UNG Perkuat Akselerasi Dosen Bergelar Doktor, Dosen Baru FK Ambil Bagian dalam Penguatan SDM Pendidikan Tinggi Nasional

Oleh: Jesica Mulyadi . June 18, 2026 . 14:42:21

GORONTALO — Penguatan kualitas sumber daya manusia (SDM) pendidikan tinggi terus menjadi agenda strategis nasional dalam menghadapi tantangan global di bidang riset, inovasi, dan pengembangan ilmu pengetahuan. Menjawab kebutuhan tersebut, Universitas Negeri Gorontalo (UNG) menggelar Sosialisasi Penguatan Akses Studi Lanjut bagi Dosen sebagai langkah konkret untuk mempercepat peningkatan jumlah dosen berkualifikasi doktor (S3).

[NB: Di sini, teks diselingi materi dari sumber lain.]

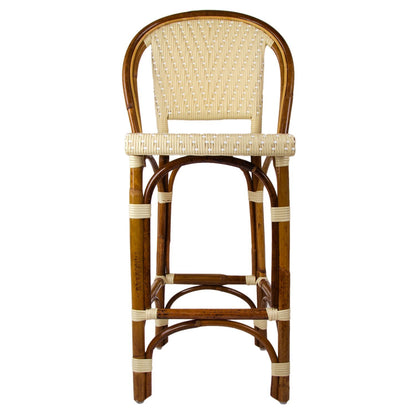 Cream & White Counter Height Mediterranean Bistro Bar Stool with Back (26" h. seat) (L)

Kegiatan yang berlangsung di Ruang Sidang Senat Rektorat UNG ini menjadi bagian dari komitmen institusi dalam memperkuat kapasitas akademik tenaga pendidik sekaligus mendukung transformasi pendidikan tinggi nasional. Acara tersebut dihadiri langsung oleh Rektor UNG, Eduart Wolok, bersama jajaran pimpinan universitas dan para dekan di lingkungan kampus. Sosialisasi ini secara khusus diikuti oleh dosen muda, terutama Aparatur Sipil Negara (ASN) angkatan 2023, 2024, dan 2025, yang dipersiapkan untuk menempuh pendidikan doktoral sebagai bagian dari pengembangan karier akademik jangka panjang.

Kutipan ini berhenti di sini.